What you will do: Since only part of the material below is wanted, output exactly the lines from the one with "뱅앤올룹슨 [해외직구] 뱅앤올룹슨" up to and including the one with "2013 Boston Whaler 370 Outrage".

Records for processing:
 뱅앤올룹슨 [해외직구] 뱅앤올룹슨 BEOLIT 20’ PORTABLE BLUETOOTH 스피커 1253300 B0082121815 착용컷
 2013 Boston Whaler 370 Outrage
--
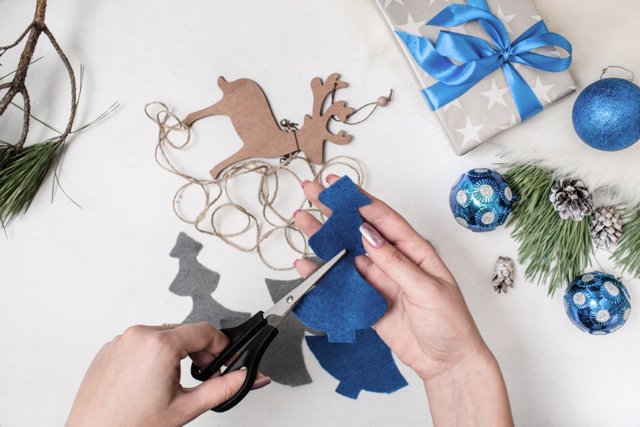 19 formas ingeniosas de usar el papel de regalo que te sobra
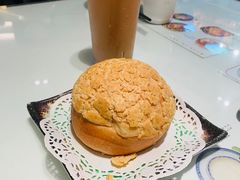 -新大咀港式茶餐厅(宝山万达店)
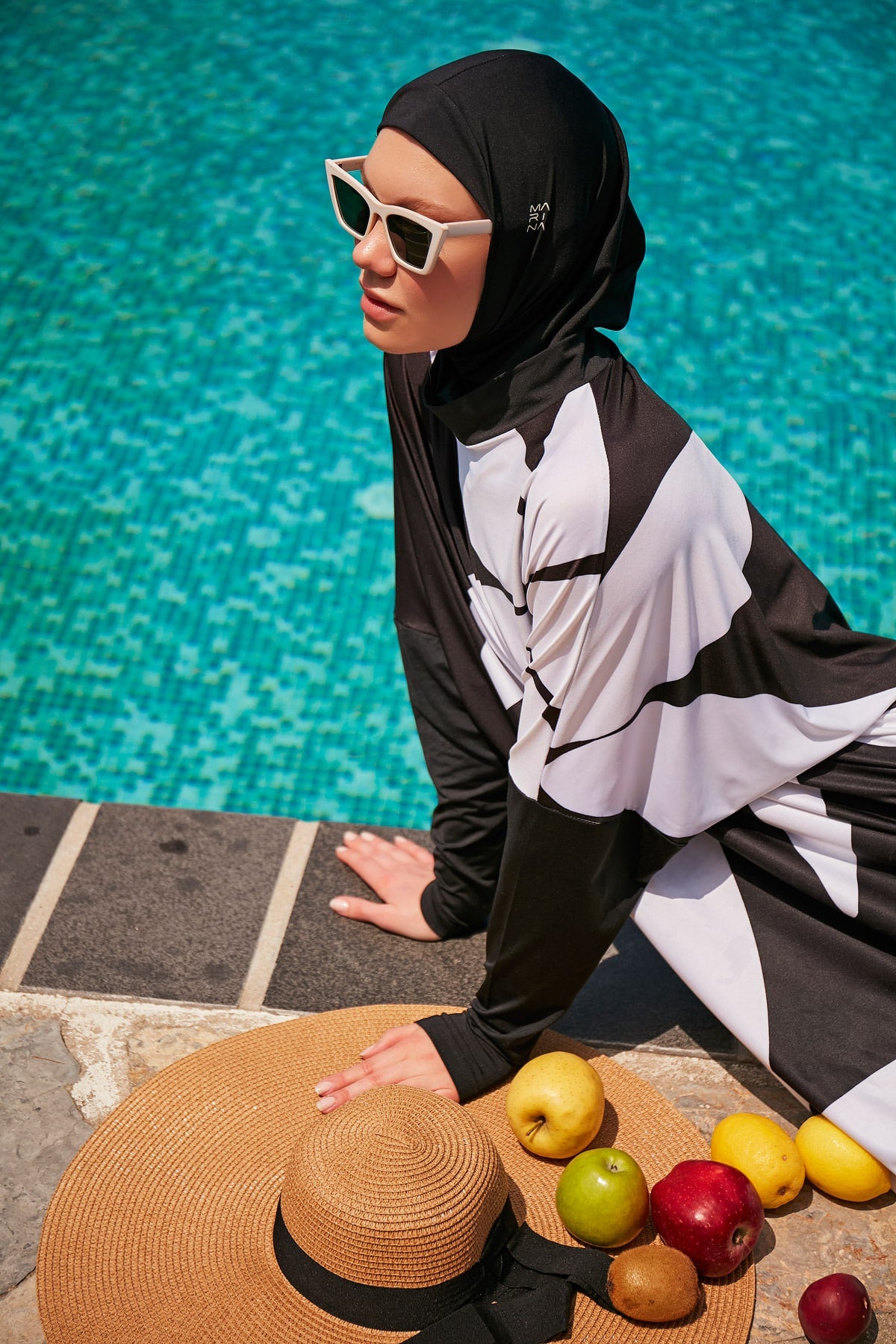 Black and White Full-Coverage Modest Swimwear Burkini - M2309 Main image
---
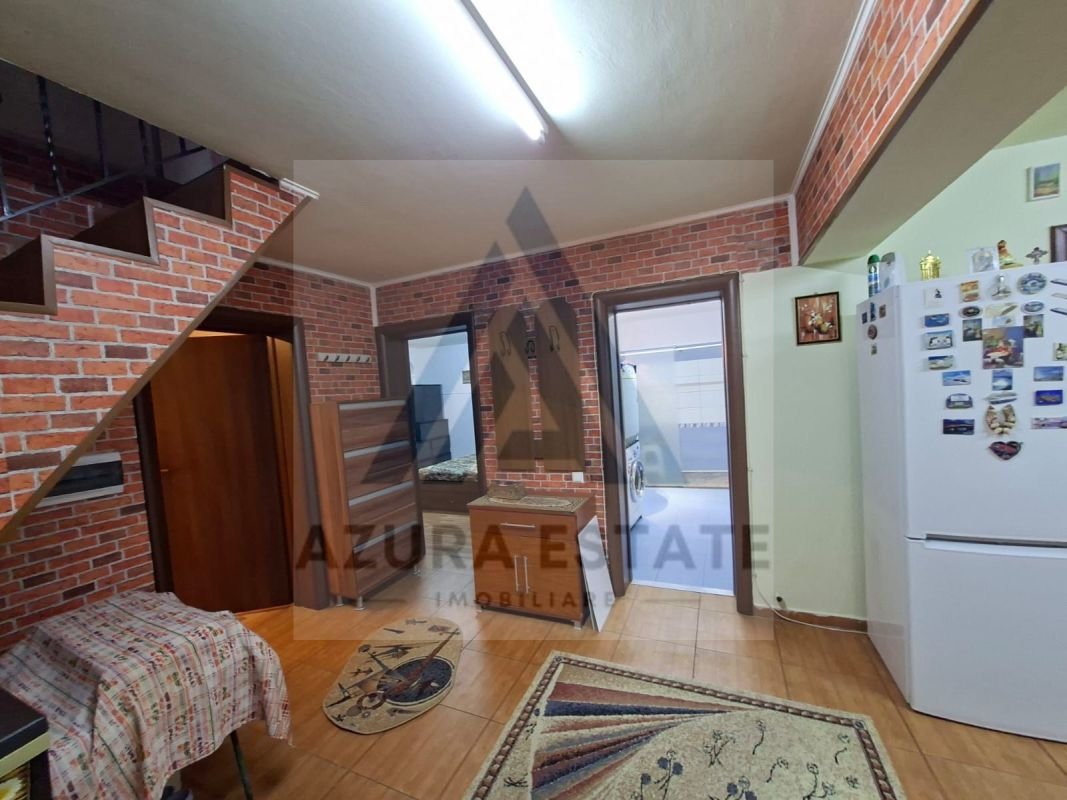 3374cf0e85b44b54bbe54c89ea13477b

Answer:
 뱅앤올룹슨 [해외직구] 뱅앤올룹슨 BEOLIT 20’ PORTABLE BLUETOOTH 스피커 1253300 B0082121815 착용컷
 2013 Boston Whaler 370 Outrage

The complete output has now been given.